Jordi Ortiz de Urbina defended his thesis directed by Gemma Sesé Castel on September 30, 2021 at the North Campus. Titled “Orientational dynamics and local order in supercooled molecular liquids”, the thesis analyzes the behavior at temperatures close to the vitreous transition thanks to the results obtained in molecular dynamics simulations
Jordi Ortiz de Urbina defends his thesis on orientational properties and local structure in supercooled molecular liquids
Cosine of the angle formed by the dipole moments of two molecules per methanol and by a dipole liquid without hydrogen bonds as a function of distance, at different temperatures.

The main objective of the thesis is to study, by means of molecular dynamics simulations, the behaviour of two molecular models at different temperatures, approaching the glass transition. One system models methanol and the other differs from the former only in the ability to establish hydrogen bonds. The analysis carried out focused on the reorientational dynamics, the dielectric response and various orientational properties that characterize the local structure.

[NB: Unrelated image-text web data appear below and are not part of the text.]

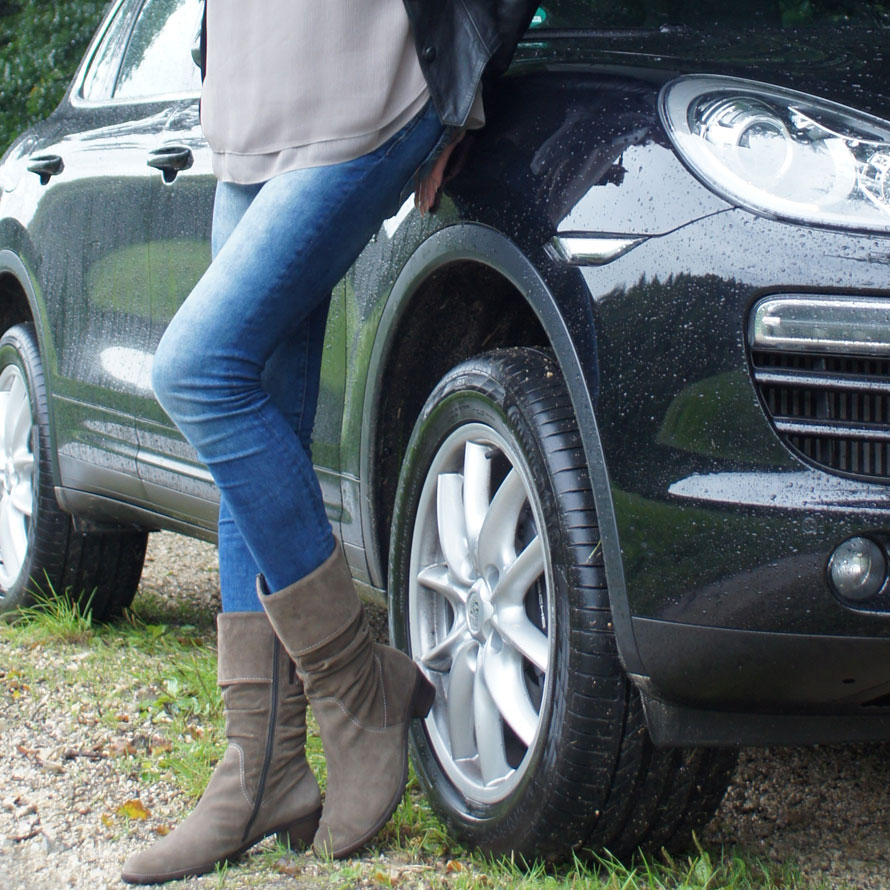 Symbolbild: Frau in Jeans lehnt an Auto.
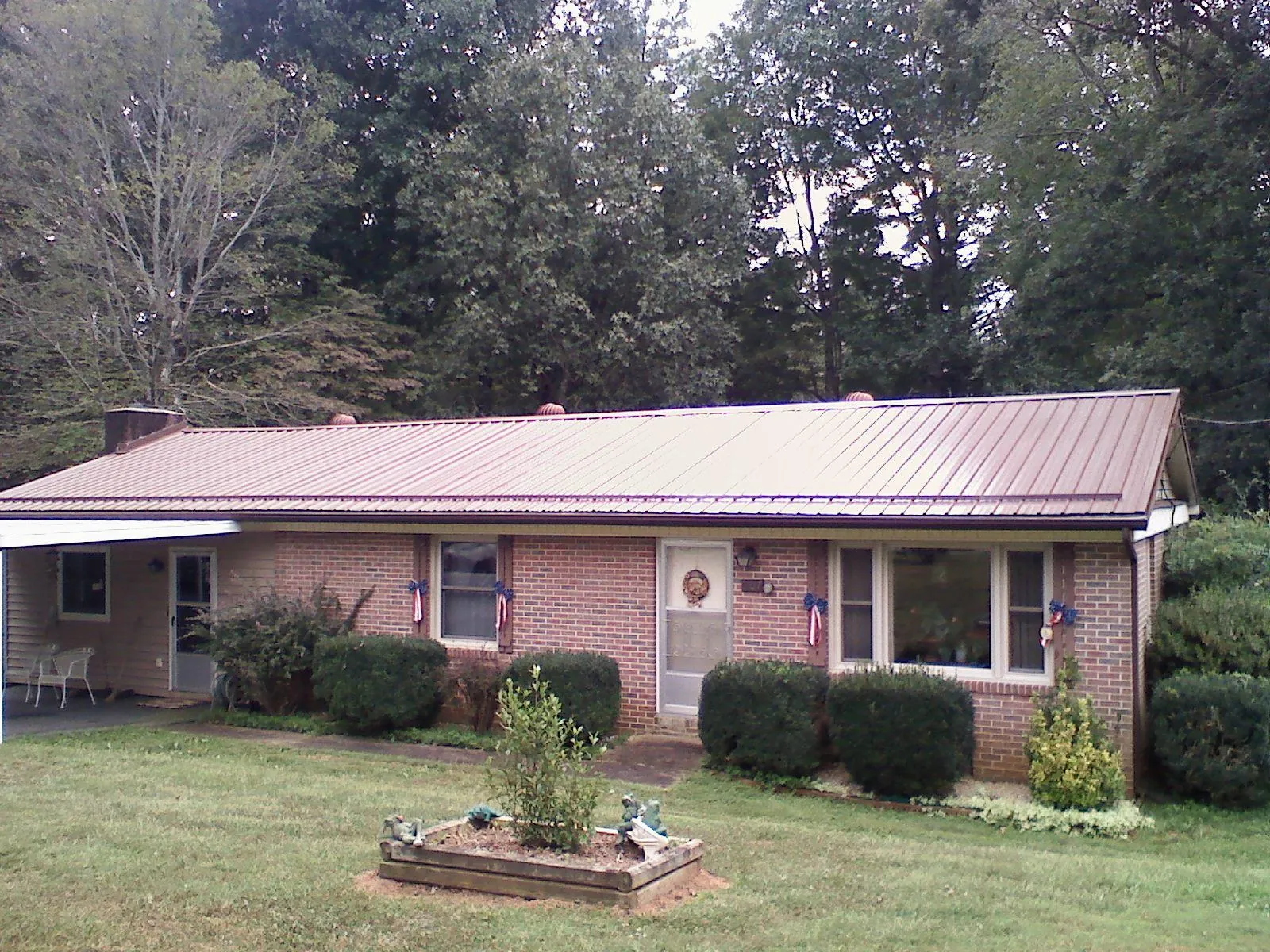 Bronze metal roof on a brick ranch home with a carport in Bronxville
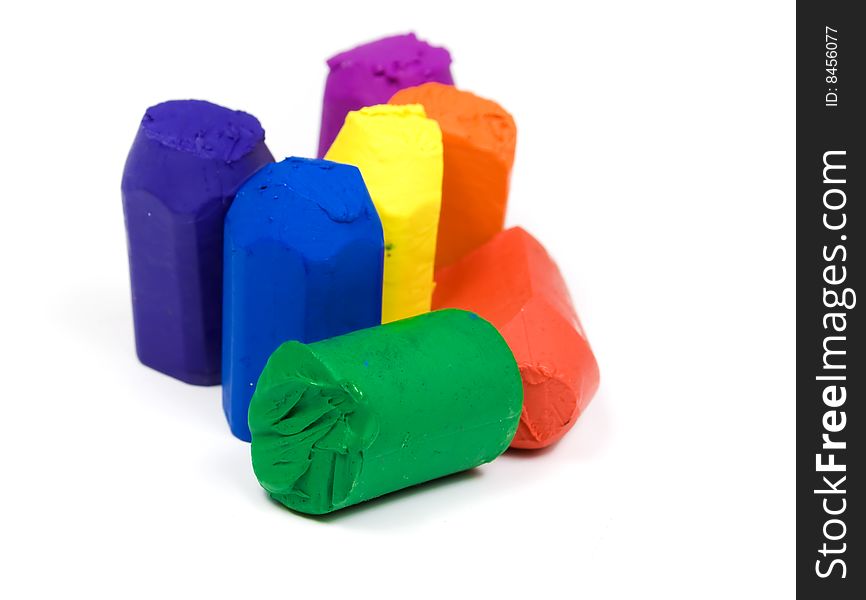 Seven wax crayons colors of rainbow on white background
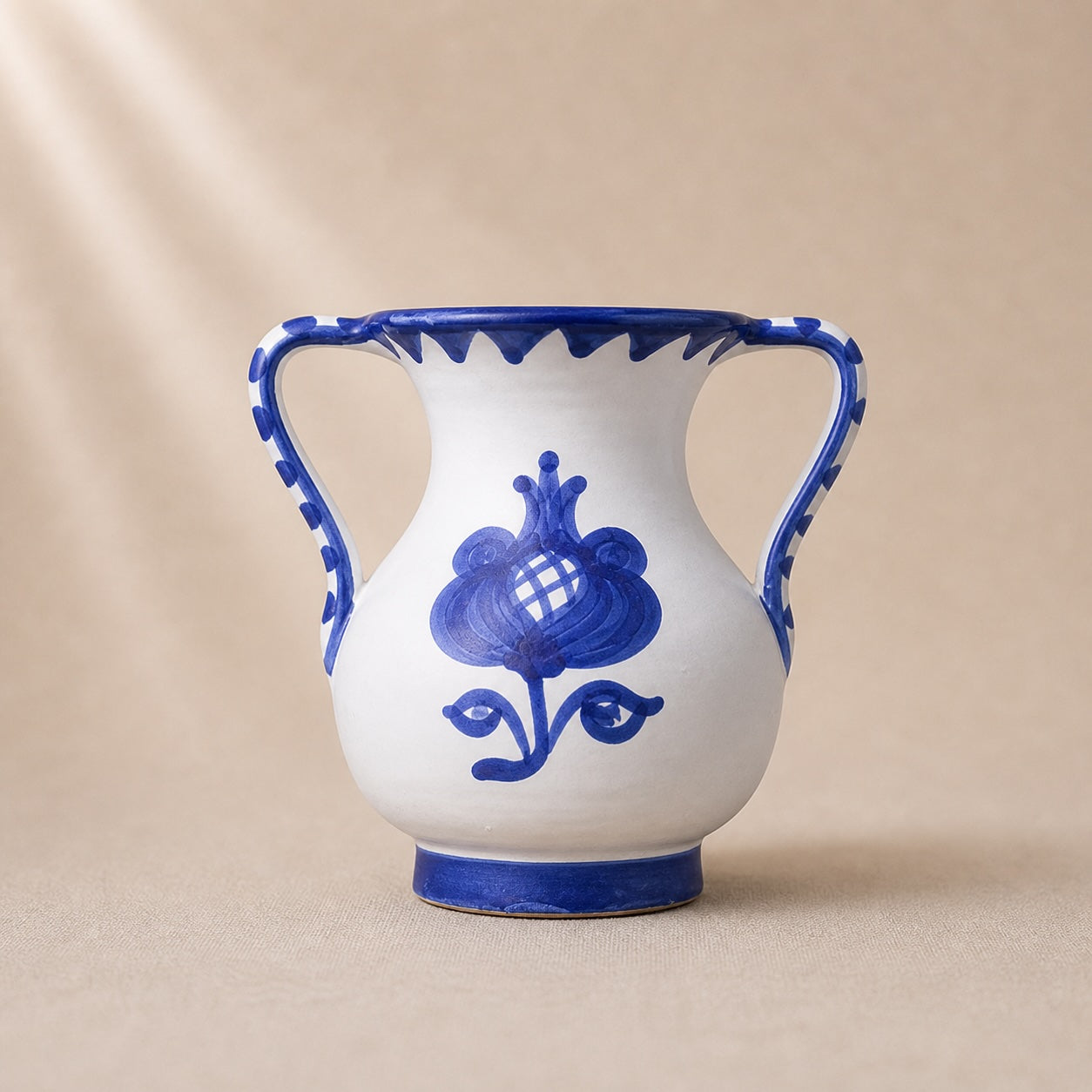 Ceramic vase with blue floral design on a beige background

All the time correlation functions analyzed show a two-stage relaxation, separated by a plateau at the lowest temperatures. Translational relaxation times are longer than reorientational relaxation times in the hydrogen-free system. Molecules with higher translational mobility have also been found to have undergone larger reorientations. Also in this system, the rotational dynamics around a main axis of inertia has been investigated. Rotational diffusion coefficients have been shown to follow a mode coupling law with a critical temperature lower than that corresponding to translational diffusion. Therefore, at low temperatures, when translational dynamics is severely hindered, rotation is still active. The results show that the Stokes-Einstein relation ceases to be satisfied at a higher temperature than the Stokes-Einstein-Debye one.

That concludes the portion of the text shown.